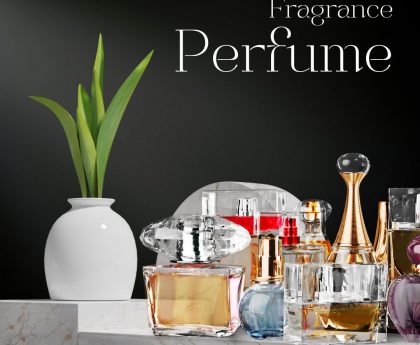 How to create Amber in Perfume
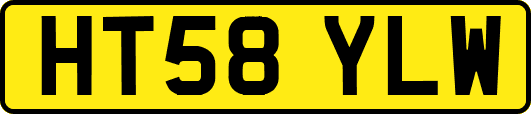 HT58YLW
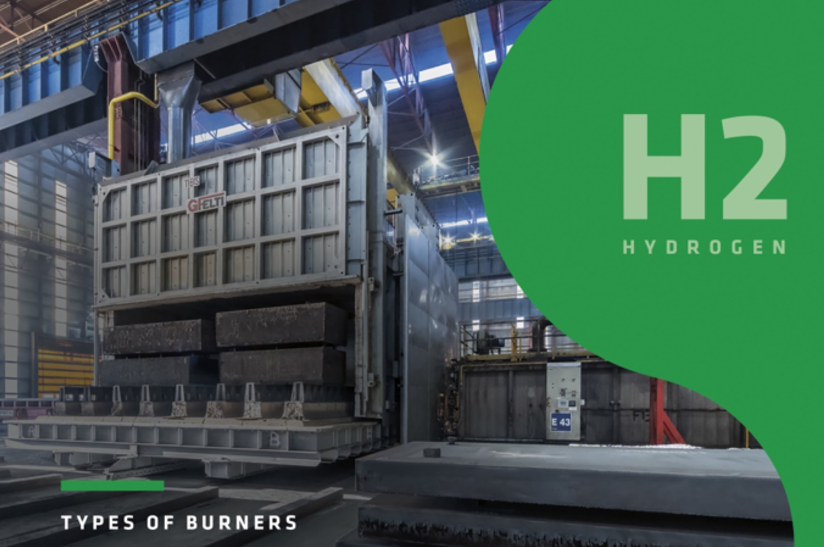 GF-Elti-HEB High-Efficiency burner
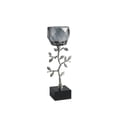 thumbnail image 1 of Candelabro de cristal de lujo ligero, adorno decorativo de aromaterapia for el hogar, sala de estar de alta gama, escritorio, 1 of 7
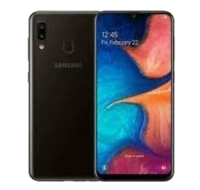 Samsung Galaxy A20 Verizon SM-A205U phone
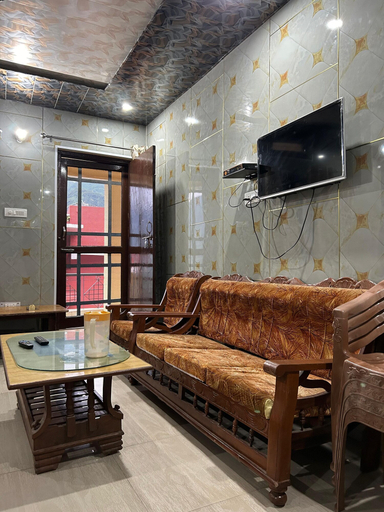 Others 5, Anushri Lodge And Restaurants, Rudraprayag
=======
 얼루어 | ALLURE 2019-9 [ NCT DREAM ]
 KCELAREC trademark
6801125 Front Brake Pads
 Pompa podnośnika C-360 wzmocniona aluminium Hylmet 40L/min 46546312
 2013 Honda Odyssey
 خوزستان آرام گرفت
=======
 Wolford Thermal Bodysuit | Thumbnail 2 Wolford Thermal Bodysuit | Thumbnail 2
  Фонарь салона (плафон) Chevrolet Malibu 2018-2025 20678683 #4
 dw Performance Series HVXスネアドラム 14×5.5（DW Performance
=======
Work to complete: Out of the material above, output word for word the line with "KCELAREC trademark", the line with "خوزستان آرام گرفت", and all lines between them, with nothing else.

Task answer:
 KCELAREC trademark
6801125 Front Brake Pads
 Pompa podnośnika C-360 wzmocniona aluminium Hylmet 40L/min 46546312
 2013 Honda Odyssey
 خوزستان آرام گرفت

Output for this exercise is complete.